Le débat met en lumière une contradiction devenue subtile. La France continue d’imposer aux PADHUE des procédures longues et sélectives pour accéder au plein exercice pour soigner ses patients, tout ayant massivement recours à leur force de travail dans les hôpitaux publics. Ces praticiens doivent généralement passer les épreuves de vérification des connaissances (EVC), puis suivre un parcours de consolidation des compétences avant d’espérer obtenir une autorisation définitive d’exercer. Beaucoup travaillent pourtant depuis plusieurs années dans les établissements français.
Dans les faits, nombre d’entre eux occupent des fonctions comparables à celles de praticiens hospitaliers titulaires, avec des rémunérations et des statuts nettement moins favorables. Certains enchaînent gardes et contrats temporaires dans une forme de précarité administrative devenue structurelle.
La situation avait récemment provoqué la colère du président de la République française, Emmanuel Macron, qui dénonçait encore fin avril « la folie du système français », où le Président jugeait comme étant un « bordel » le fonctionnement des praticiens diplômés hors Union européenne. « C’est un truc qui me rend dingue ! C’est la folie du système français », s’exclamait-il, regrettant que cette disposition ne favorise pas davantage l’intégration des médecins étrangers en France, malgré leur rôle essentiel dans la lutte contre les déserts médicaux.
Le Gouvernement souhaite désormais réformer les modalités de titularisation. Le ministère de la Santé évoque une simplification des EVC et une reconnaissance accrue de l’expérience acquise dans les établissements. Une évolution réclamée depuis plusieurs années par les collectifs de PADHUE et une partie des directions hospitalières.
Entre contrôle et nécessité
Les révélations sur les alertes européennes non consultées compliquent cependant l’équation politique. L’exécutif doit simultanément rassurer les citoyens, sur la sécurité des soins dispensés, mais aussi éviter de fragiliser davantage un système hospitalier qui marche sur des oeufs. Car si les contrôles insuffisants interrogent, la dépendance française à ces médecins est toute aussi manifeste.

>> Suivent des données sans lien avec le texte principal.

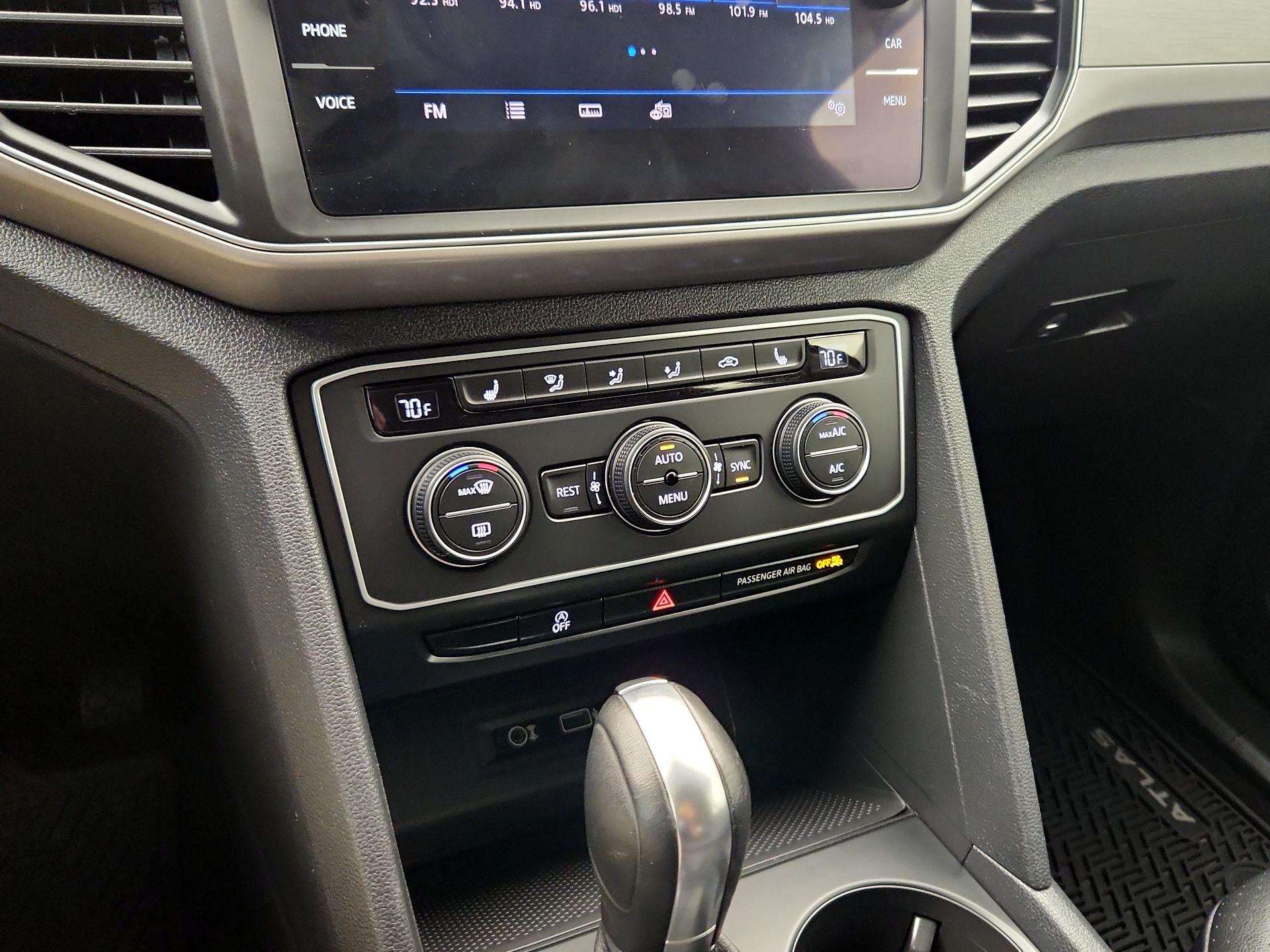 Thumbnail: 2019 Volkswagen Atlas - 16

À Mayotte, cette réalité est visible depuis longtemps. L’hôpital y fonctionne dans un équilibre précaire où chaque départ de praticien provoque immédiatement des difficultés de remplacement. Bien que le directeur du Centre hospitalier de Mayotte (CHM), rapportait en février 2026, avoir retrouvé des effectifs suffisants dans le service des urgences, passant de « périodes où seul un voire deux médecins assuraient les urgences » à « trente-huit urgentistes » le 13 février dernier, dans certains services, la question n’est plus d’améliorer l’offre de soins, mais simplement de maintenir une continuité minimale au regard des crises successives pouvant se répercuter rapidement sur l’unique hôpital de l’île.
Dans ce contexte de fragilité structurelle du système hospitalier, la question des conditions d’exercice des praticiens étrangers et du contrôle de leurs diplômes s’impose désormais au niveau national, poussant les autorités à annoncer de nouvelles mesures.
Une mission lancée par la ministre de la Santé

Lors du Conseil des ministres du 6 mai dernier, la porte-parole du Gouvernement, Maud Bregeon, a indiqué à la presse, que la ministre de la Santé avait « été extrêmement réactive » et « a annoncé récemment une mission de l’Inspection générale des affaires sociales pour résoudre ce sujet et améliorer l’efficacité des contrôles d’autorisation d’exercer et de diplômes ».
Interrogée sur la sécurité des patients dans l’attente des conclusions de cette étude, la porte-parole du Gouvernement n’a pas apporté de réponse précise sur ce point, se contentant de rappeler l’action engagée par la ministre de la Santé : « Je vous dis quelle a été l’action de la ministre de la Santé ». Elle a également renvoyé la presse aux travaux en cours, invitant à « attendre les résultats et conclusions de cette mission ».